=== About this task ===
Only these lines of the data below are wanted: the one with "Thumbnail 3 in", the one with "Property Thumbnail: Bathroom", and any lines between them, each repeated exactly.

*** Block opens ***

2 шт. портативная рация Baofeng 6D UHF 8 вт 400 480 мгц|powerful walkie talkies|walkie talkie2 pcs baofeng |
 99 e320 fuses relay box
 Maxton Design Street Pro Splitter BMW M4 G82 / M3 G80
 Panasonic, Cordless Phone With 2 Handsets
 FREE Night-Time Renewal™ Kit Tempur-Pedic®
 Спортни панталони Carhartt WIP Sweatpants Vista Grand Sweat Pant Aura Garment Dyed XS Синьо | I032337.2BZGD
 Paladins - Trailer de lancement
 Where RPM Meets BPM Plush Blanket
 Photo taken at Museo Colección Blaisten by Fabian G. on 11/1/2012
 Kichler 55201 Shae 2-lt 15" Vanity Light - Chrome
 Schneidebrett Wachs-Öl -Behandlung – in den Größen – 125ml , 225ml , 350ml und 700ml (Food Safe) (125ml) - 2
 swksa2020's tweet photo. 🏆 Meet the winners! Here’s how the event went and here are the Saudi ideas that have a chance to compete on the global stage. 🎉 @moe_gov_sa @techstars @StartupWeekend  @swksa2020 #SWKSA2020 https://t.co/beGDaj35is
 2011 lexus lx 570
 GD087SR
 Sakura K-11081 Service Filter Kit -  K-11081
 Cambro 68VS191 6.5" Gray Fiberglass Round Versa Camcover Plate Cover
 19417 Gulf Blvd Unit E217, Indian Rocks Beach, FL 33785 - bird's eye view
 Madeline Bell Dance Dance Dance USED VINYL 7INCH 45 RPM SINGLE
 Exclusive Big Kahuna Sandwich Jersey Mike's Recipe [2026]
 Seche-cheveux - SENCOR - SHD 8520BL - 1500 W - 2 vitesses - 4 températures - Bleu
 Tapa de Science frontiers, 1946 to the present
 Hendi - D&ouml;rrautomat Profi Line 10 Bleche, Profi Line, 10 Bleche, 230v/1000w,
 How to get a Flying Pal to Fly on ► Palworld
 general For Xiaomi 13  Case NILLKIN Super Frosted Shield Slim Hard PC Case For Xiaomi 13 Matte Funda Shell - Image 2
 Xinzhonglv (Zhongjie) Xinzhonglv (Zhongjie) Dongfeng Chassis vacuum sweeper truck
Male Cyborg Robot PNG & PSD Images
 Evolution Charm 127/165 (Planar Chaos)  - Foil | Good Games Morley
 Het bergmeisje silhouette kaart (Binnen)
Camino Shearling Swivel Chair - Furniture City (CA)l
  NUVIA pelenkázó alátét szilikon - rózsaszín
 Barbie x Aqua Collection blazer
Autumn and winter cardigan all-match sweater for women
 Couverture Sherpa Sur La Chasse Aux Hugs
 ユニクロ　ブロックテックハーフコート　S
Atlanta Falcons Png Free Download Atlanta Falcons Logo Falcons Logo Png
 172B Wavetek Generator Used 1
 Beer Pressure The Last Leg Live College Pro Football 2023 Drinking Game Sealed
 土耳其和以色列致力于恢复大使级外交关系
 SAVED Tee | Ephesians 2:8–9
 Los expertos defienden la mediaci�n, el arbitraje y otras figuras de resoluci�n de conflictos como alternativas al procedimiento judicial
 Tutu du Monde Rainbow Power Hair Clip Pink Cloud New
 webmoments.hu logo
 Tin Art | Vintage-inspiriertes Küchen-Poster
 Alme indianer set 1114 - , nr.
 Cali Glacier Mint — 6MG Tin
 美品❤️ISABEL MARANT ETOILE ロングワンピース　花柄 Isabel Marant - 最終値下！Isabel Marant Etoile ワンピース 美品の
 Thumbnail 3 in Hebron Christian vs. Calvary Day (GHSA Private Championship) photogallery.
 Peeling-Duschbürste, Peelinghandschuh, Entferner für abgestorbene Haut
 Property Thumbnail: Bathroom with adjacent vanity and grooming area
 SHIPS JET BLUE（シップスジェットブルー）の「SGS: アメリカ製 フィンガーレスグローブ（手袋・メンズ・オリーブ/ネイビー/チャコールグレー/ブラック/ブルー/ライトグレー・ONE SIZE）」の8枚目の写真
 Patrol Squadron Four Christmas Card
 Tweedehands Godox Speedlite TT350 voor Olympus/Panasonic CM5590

*** Block closes ***

=== Task output ===
 Thumbnail 3 in Hebron Christian vs. Calvary Day (GHSA Private Championship) photogallery.
 Peeling-Duschbürste, Peelinghandschuh, Entferner für abgestorbene Haut
 Property Thumbnail: Bathroom with adjacent vanity and grooming area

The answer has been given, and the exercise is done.